Liam Denning: China's BYD cemented its lead on Tesla in five minutes
Published in Automotive News
Sometimes a chart is just a chart. Sometimes, when you’re looking at Tesla Inc. and BYD Co. Ltd. in early 2025, it’s a striking squiggly metaphor.
Tesla, the biggest U.S. electric vehicle maker, has shocked the world this year with its overt politicization and slumping sales and stock price. BYD, its great Chinese rival, just shocked the world by announcing its newest model can recharge in five minutes. The symbolism, capturing the lead that China has taken in EVs compared with a U.S. still fighting with itself about the relative wokeness of EVs, could hardly be clearer.
BYD’s boast of adding 400 kilometers (248 miles) of range to new vehicles sporting its Super-e Platform in as little as five minutes should be treated with the same caution advisable with any auto announcement. Delivering peak power of 1 megawatt would be unprecedented for passenger EVs and raises questions about the longevity of the battery and the cost of building that level of charger, including associated upgrades to the grid. On the other hand, this is no start-up scouting for funding but rather the biggest EV maker in the world, including plug-in hybrids.

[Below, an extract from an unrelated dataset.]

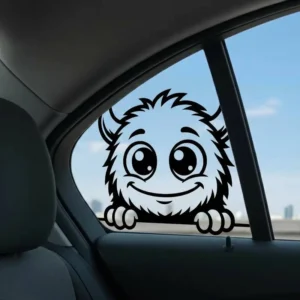 Creative Luxury Monster Window Sticker Furry Beast Peeking Decal Waterproof PVC Halloween Styling Sign Kids Auto Customization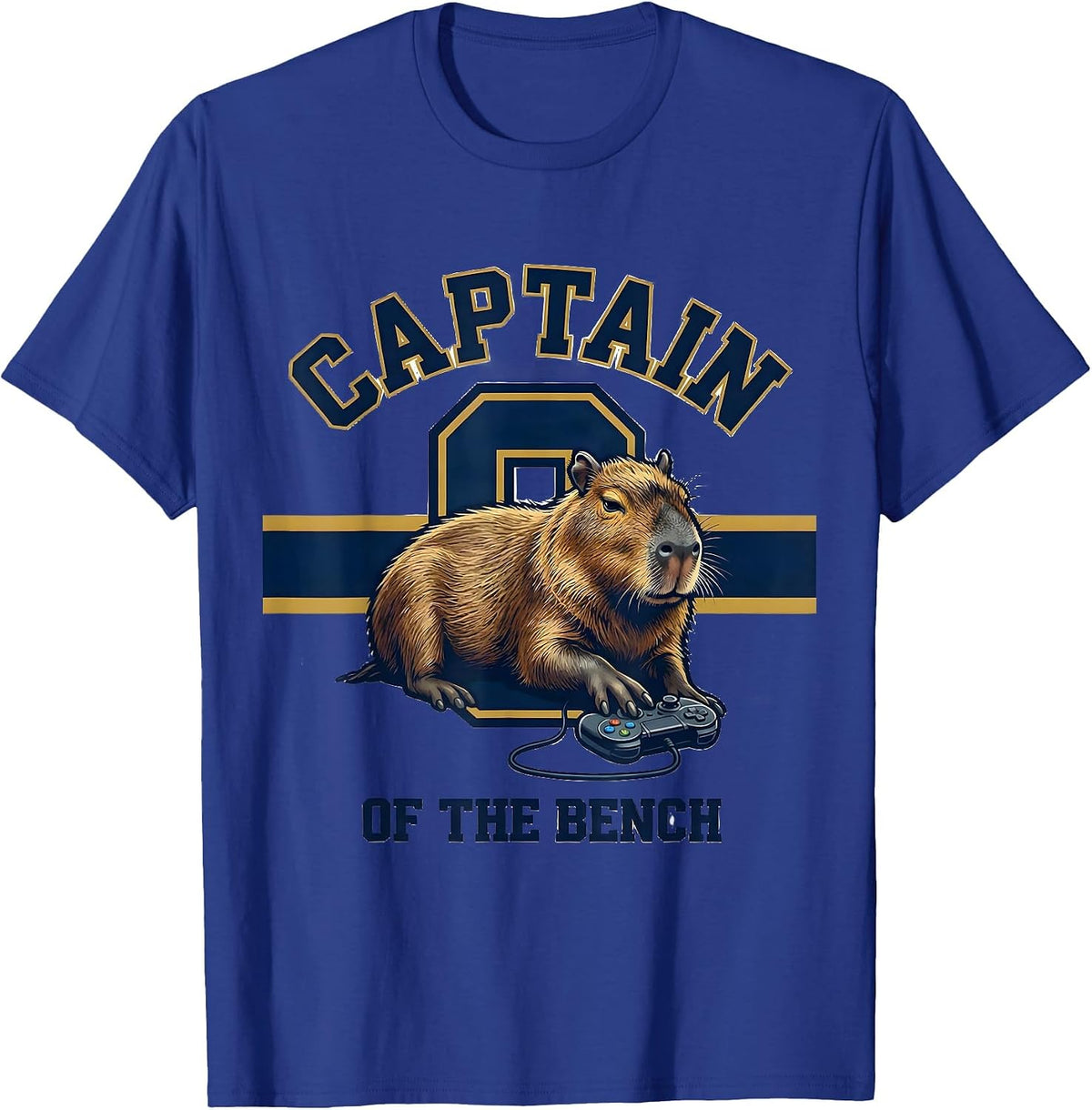 Captain of the Bench Funny Capybara Gamer Meme Humor T-Shirt - Royal Blue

Incredibly, first deliveries of BYD’s new vehicles capable of this “flash” charging are reportedly due as soon as April, which would count as flash deployment. Taken together, this would be game-changing — and not in a good way for Tesla or the rest of the U.S. automakers.
Charging an EV in a time comparable with that of visiting a gas-station would kick away an important obstacle to drivers making the switch from internal combustion engines. Not only does fast-charging dispense with having to think about how you will occupy yourself while the battery refills, it addresses range anxiety, too. If charging is as convenient as filling up, there’s even less reason to worry about getting stranded and, therefore, pay up for an oversized battery — which also has implications for critical minerals demand. BYD says it will build 4,000 megawatt-capable chargers across China.
Delivering this, and quickly, would cement China’s lead in an EV industry that had its breakout moment in the Bay Area when Tesla launched the Model S sedan a little over a decade ago. That Musk felt compelled to stage a bizarre event at the White House last week with President Donald Trump, who is no fan of EVs, apparently buying a Model S to show support says a lot about where innovation can be found these days.
Musk’s politicking damages Tesla’s brand, but the underlying problem is its relatively old line-up of models even as competitors release new ones. While Tesla abandoned plans for a cheap EV, instead launching the Cybertruck priced at six figures, BYD and its competitors churned out an array of models going for less than $30,000. As much as Tesla’s stock has fallen, it remains expensive at 84 times forward earnings, four times higher than BYD’s multiple. Tesla’s premium is now justified less by promises of growing EV sales and more by expansive, but elusive, visions of robotaxis and robots. BYD has also clouded that by releasing an advanced driver assistance system across most of its range as standard. Tesla’s, albeit more sophisticated technology, costs thousands of dollars extra for customers.
The challenge extends beyond Tesla, though. I wrote here that Big Auto as a whole faces a “made in China crisis,” and BYD’s announcement is a flashing warning of that. Perfecting flash-charging could not only accelerate EV sales in BYD’s domestic market — where two out of every three EVs are sold already — but also provide another powerful vector for Chinese auto companies to compete in or dominate markets overseas.
The U.S. has its tariffs to keep Chinese technology out, of course. Yet, these leave U.S. drivers underserved with EVs now accounting for all the growth in global auto sales, benefiting from falling battery prices and offering unquestionable advantages in efficiency and emissions. It is hard to see how better, more innovative EVs can be kept out forever. Moreover, Trump’s taste for tariffs is expansive and his threats against Canada and Mexico promise severe disruption for the likes of General Motors Co. and Ford Motor Co. Protectionism for Detroit encourages its reliance on high-priced trucks in its home market and stifles the competitive dynamic required to innovate, all while potentially ripping up its carefully constructed North American supply chain.
The U.S. industry that defined mobility for much of the 20th century sees its chance of doing the same in the 21st slipping away — and fast.